Unfortunately, when it came to serious joe, he wouldn’t just lose things that took time to find. He would also forget things – like the fact that he had an essay due the very next day and the book he needed was only available on short loan and therefore needed to be photocopied – all 100 pages! Or he’d forget which day it was, agree to leave with us at 3pm and then realise that he actually needed to stay til 5pm.

It just felt like we were always waiting for serious joe – me, the Russian and the drama queen – waiting together, all feeling miserable that we couldn’t just leave. The traffic was crazy in the evenings, so the longer we waited, the longer the car drive home would be. It was a serious waiting game, and with the unlikeliest combination of people!

Reason 2: Unreliable Cars

Between the Russian, the drama queen, serious joe and myself, we had 2 and a half cars in our lift club. My car and the drama queen’s car were in good nick. On the other hand, serious joe’s car was falling to pieces (hence the half) and Russian didn’t own a car (apparently he had written it off in an accident). Russian agreed to pay for his lifts instead of driving.

In theory, there should have been quite a few days when I got a break from driving, but this was not the case. Drama queen had recently passed her driver’s licence after failing three times, and she was too scared to drive beyond a particular shopping centre. This is where we would fetch her every morning. So she also landed up paying for her lifts instead of driving.

Serious joe’s brakes were failing. It was very scary, I prepared myself for death many times over that period. He maintained that his brakes were fine, but honestly, when the whole car starts vibrating and you have to turn the nose out so you don’t hit the car infront, your brakes are so not fine dude!

There were various other things failing on serious joe’s car, but my real gripe was the fact that he would often lock his keys in the car or leave his lights on. We spent many an afternoon breaking into his own car with a hanger (which couldn’t have looked good in that neighbourhood) or attempting to push start it – it didn’t work, ever! Despite the fact that his lights were left on several times and I had let him have it for not owning jumper leads, serious joe did not catch a wake up call. The Russian, the drama queen and I would sit on the pavement hopelessly while serious joe appealed to strangers for help – which doesn’t get you very far if you don’t have jumper leads.

In the end, I became the driver. My petrol costs were just about covered – although getting people to pay is another trial in itself – and I was the sole driver. I really didn’t see that one coming.

Reason 3: The Clash of Personalities

What do you get when you put a Russian, a serious joe, a drama queen and myself in a lift club?

Serious joe was incredibly conservative.

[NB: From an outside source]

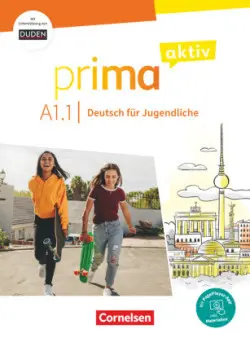 Prima aktiv - Deutsch für Jugendliche - A1: Band 1. Kursbuch Inkl. PagePlayer-App - AA.VV.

He did not like a lot of mainstream music, which wasn’t a problem when we went in his car which didn’t have a radio or CD player *crickets*, but which kinda posed a problem when we went in my car which had both. Drama queen, being somewhat oblivious and very extraverted would hear Justin Timberlake’s ‘I’m bringin sexy back’ on the radio and turn the volume up full blast! Serious joe would look like he was having an aneurism, and I, being very aware of vibes, would feel so incredibly awkward.

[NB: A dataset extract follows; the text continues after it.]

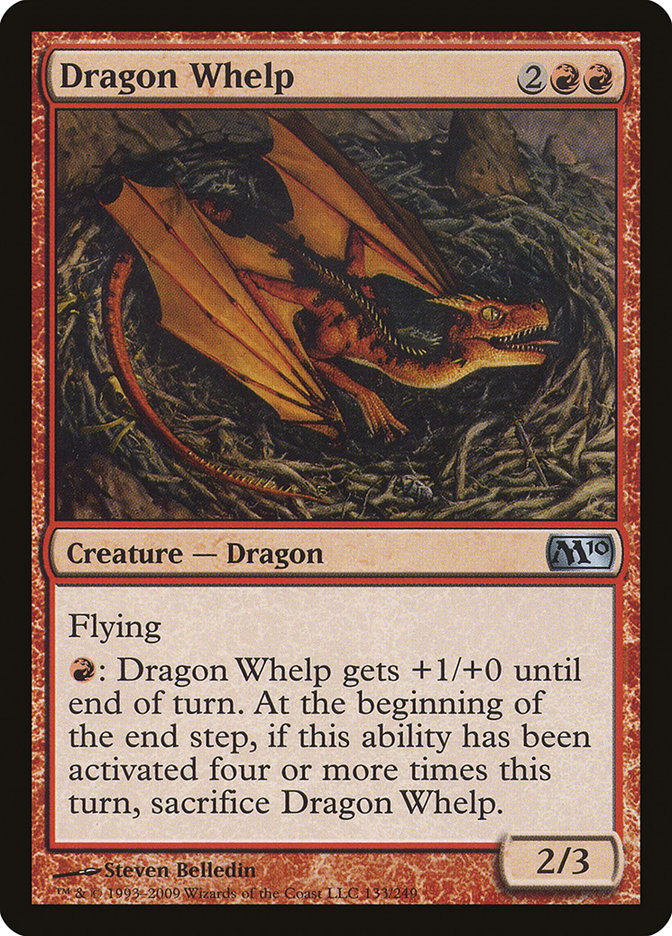 Dragon Whelp [Magic 2010] Foil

Russian, on the other hand, told the most outlandish stories. He had the capacity to talk the whole hour we drove to varsity. The problem with his stories were that they just seemed like tall tales, fibs, lies, figments of his imagination – ‘My friend passed his driver’s licence with beer bottles all over the floor beneath him and no side mirrors’ or ‘I’m getting a brand new car next week’ (which never happened in the year or two he was in the lift club) or he would tell us about the ridiculously exorbitant salary he earned before studying (which didn’t seem correct when he finally dropped out of varsity and went to work at the video store).

But serious joe would repeat Russian’s stories to me as fact, and he would become extremely defensive if I cast doubt on them. The whole scenario was so strange.

Serious joe also liked to turn the heater up really hard during winter – pointed at his feet. But he got claustrophobic with the heater on, so he also wanted the windows wide open while the heater warmed his feet. I felt so annoyed, so I’d push the magic button which child locks the windows so serious joe couldn’t roll them down. He was not impressed, especially because I found it so hysterically funny!

Reason 4: Money, Money, Money – Not so Sunny

The reason why people start lift clubs is to save money, so I realised that I was faced with a big problem when I became the primary driver and saw very little cash. The biggest problem with me and money is that I don’t like to talk about it, I don’t like to ask for it, and I certainly don’t like to demand it.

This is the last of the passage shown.